Há todavia outra tendência no uso das novas tecnologias pelo cinema que, ao

3
Daney, S. Devant la recrudescense des vols de sacs à main.Paris: maio 1991.
contrário, potencializa a imagem cinematográfica através da reinvenção da própria
linguagem do cinema. É o exemplo de Peter Greenaway em A Última Tempestade,
utilizando o Hariet e o HDTV para [257] recriar a montagem do quadro no quadro,
utilizando as novas possibilidades tecnológicas para inserir o extra-campo no campo,
seja no som ou na imagem. Neste caso, toda a potencialidade plástica da informação
digital (dada pela estocagem maleável de elementos possibilitada pelo uso de vários
instrumentos que podem criar alterações infinitas) é utilizada como meio para a
realização artística, e não como uma nova estética em si mesma.

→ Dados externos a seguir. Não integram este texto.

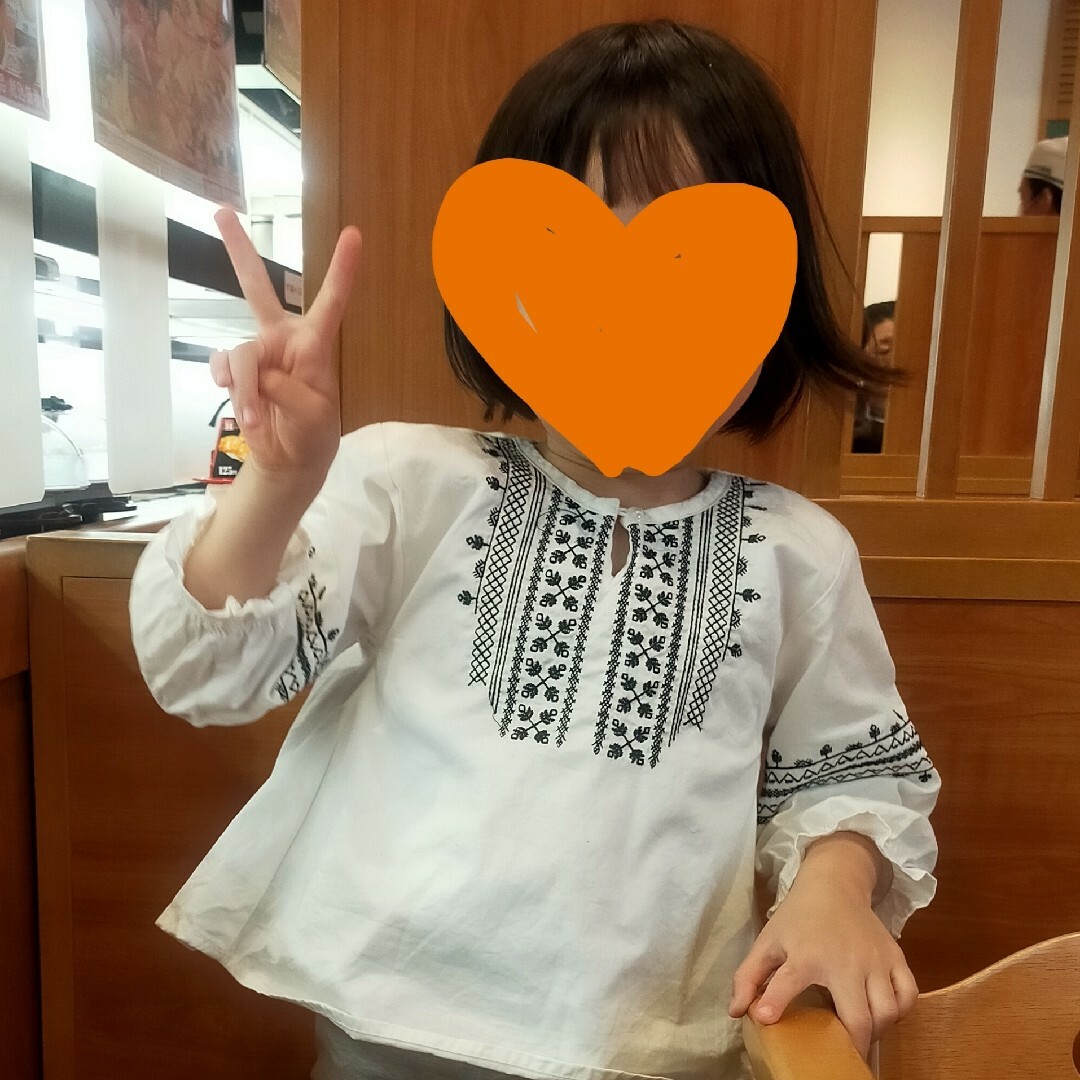 ホワイトチュニック　95　長袖 キッズ/ベビー/マタニティのキッズ服女の子用(90cm~)(Tシャツ/カットソー)の商品写真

Este cinema não é seduzido pela tecnologia, mas, ao contrário, a seduz. Ele se
apropria das imagens virtuais para criar uma versão cinematográfica do virtual. Este
cinema leva às últimas consequências o novo tecnológico, não como um clichê a mais,
mas como possibilidade estética de um novo cinema, de uma nova imagem.

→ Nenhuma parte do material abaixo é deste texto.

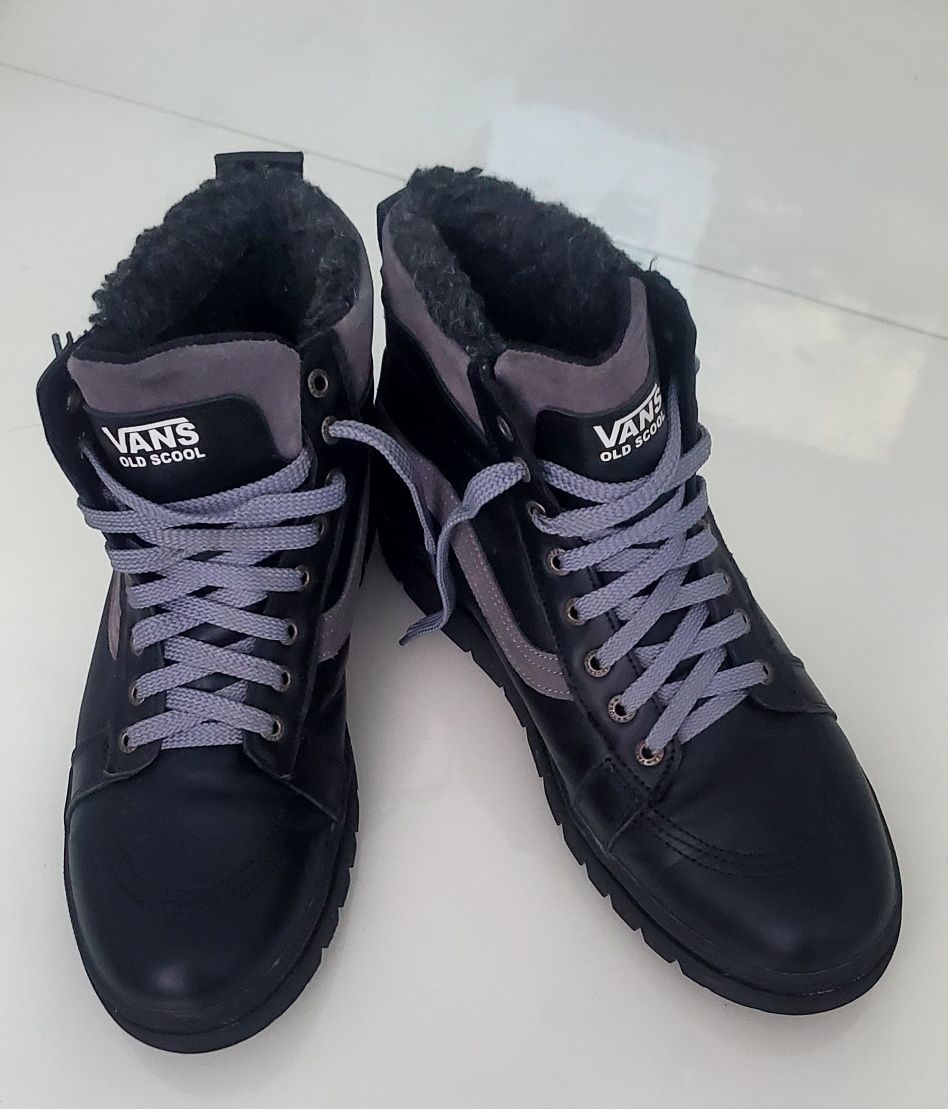 Зимові черевики VANS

“As gerações futuras descobrirão o cinema com a sua perda” (Serge Daney).
O cinema não é mais o mesmo. E o que dizem, e, sobretudo, o que vemos. Mas, se
tudo se encaminha para um apagamento das distinções entre as imagens, se Raymond
Bellour fala do entre-imagens, como o destino comum a todas as imagens, como imagens
que passam, ou ainda se Daney fala do visual como também um fim das diferenças entre
as imagens; enfim, se parece definitiva uma aproximação máxima entre as artes visuais,
que então o cinema desempenhe o seu papel enquanto a última imagem e empreste sua
substância às novas tecnologias da imagem.
Porque, ainda segundo Daney, a imagem secreta uma certa heterogeneidade que
nos lembra que não estamos sós; a imagem é então a condição de possibilidade da
própria alteridade.
O duplo absoluto ocasionado pelo imediato da interatividade destrói os limites
entre o mesmo e o outro e portanto a ilusão de sermos o duplo, isto é, simultaneamente o
mesmo e o outro. Ilusão real em qualquer imagem de cinema.
Como iludidos que somos e portanto deliberadamente incuráveis (Clement
Rosset)4, nós nos perguntamos: diante da era da simulação, da interatividade, do tempo
real, da visão sintética, da automação da percepção, da não-imagem, o que o cinema se
tornará?
Digital com certeza. Mas este será o fim ou o meio?

4
Rosset, C. O Real e seu Duplo.São Paulo: LPM, 1988.